How will climate change affect rail?

Kris Cooper hears from Infrabel, Network Rail, and Deutsche Bahn about how they are mitigating potential threats from climate change.

Gerolstein train station during the July 2021 floods in the Ahr Valley, Germany. Credit: Deutsche Bahn

In 2023 a report by the World Meteorological Organization and the EU’s Copernicus Climate Change service stated that multiple nations within Europe had experienced their warmest year on record.

This not only rings alarm bells for the need to rapidly decarbonise but presents a myriad of threats to rail infrastructure.

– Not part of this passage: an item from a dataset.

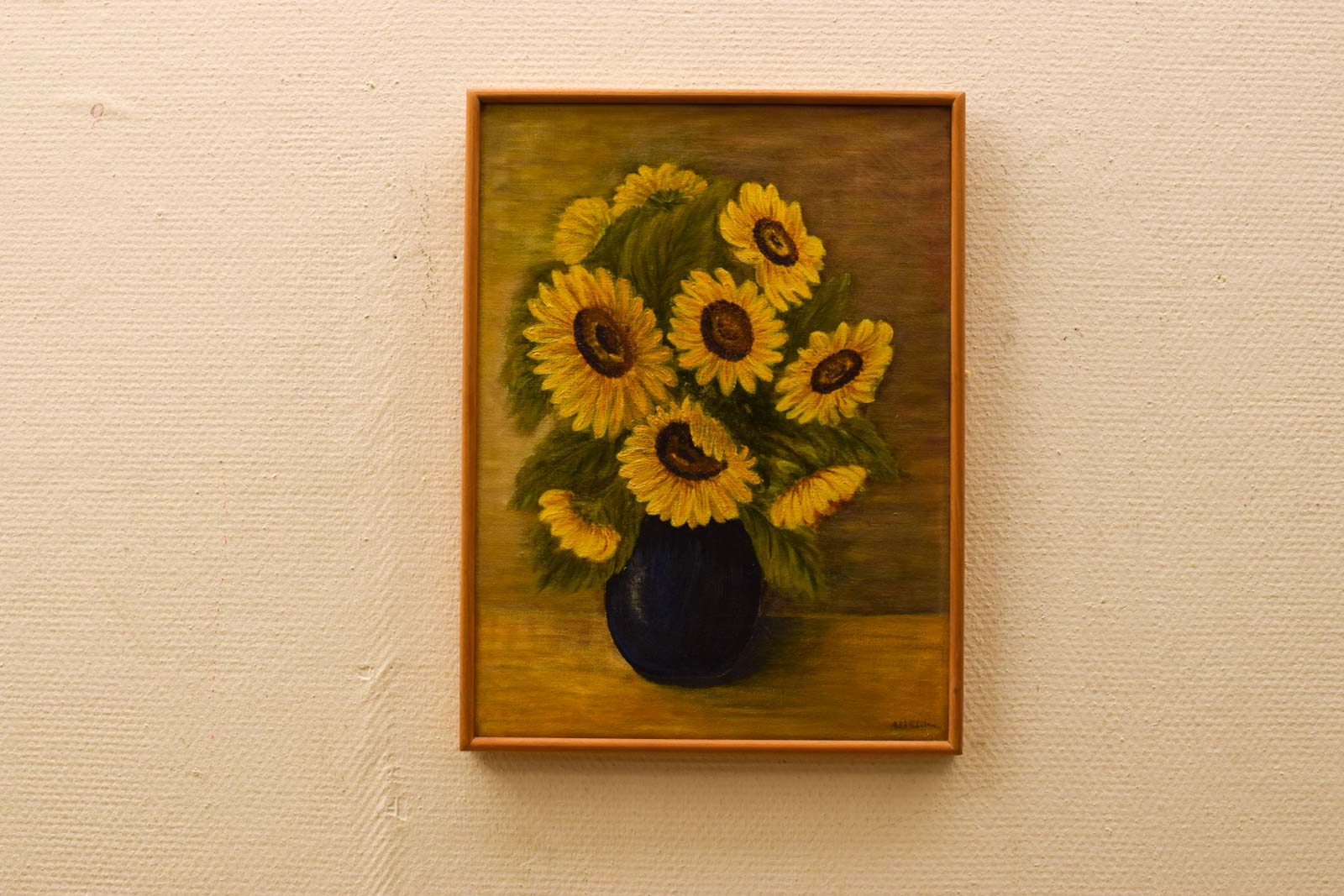 Schilderij van een vaas met zonnebloemen  45209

In 2021, the European year of rail, the European Commission promoted the role of trains in aiding the EU to become climate-neutral by 2050, helping to curb the amount of inherently environmentally damaging short-haul flights around Europe.

Consequently, the industry will be facing increased usage of its services while battling the impending devastation of climate-related damage to the infrastructure.

“Climate change and its associated extreme weather are the biggest challenges Network Rail, and in fact the world, faces”, says Chris Denham, senior media manager at Network Rail, the UK’s rail infrastructure provider.

To mitigate disruptions to infrastructure across Europe, infrastructure providers must anticipate and mitigate a host of threats from adverse weather conditions, calculating and deploying necessary funding and action to avoid deterioration of rail networks.

What danger does climate change pose to rail infrastructure and service?

Climate change causes a multitude of difficulties for rail infrastructure. Increased temperatures can cause tracks to bend and buckle tracks while more frequent storms can result in perpetual cycles of repairs from fallen trees and flooding.

Patricia Grobben, climate change advisor at Belgian railway infrastructure manager Infrabel, explains that climate-related events could cause deterioration in robustness, punctuality, and premature ageing of infrastructure. This will result in an increased need for maintenance and renewal works and “increasingly frequent crisis management’” which will come with significant financial consequences.

Grobben highlights that while parts of rail infrastructure such as tracks, bridges, earthworks and hydraulic structures are particularly vulnerable to heavy rainfall, electrical engineering such as signalling and electric traction are more vulnerable to extreme temperatures.

Increased rainfall is particularly anticipated to be an issue in the UK due to a lot of the embankment sites being constructed from clay.

Network Rail’s engineers undertake emergency work to stabilise a cutting after a landslip near Fareham, UK. Credit: Network Rail

“In many areas, Victorian builders dug steep-sided cuttings to save money or constructed embankments out of clay and whatever else they had on-site, including steam engine ash. Culverts and drains were built to deal with the worse of the winters in the 1800s, which were much colder than now but nowhere near as wet.” Denham explains.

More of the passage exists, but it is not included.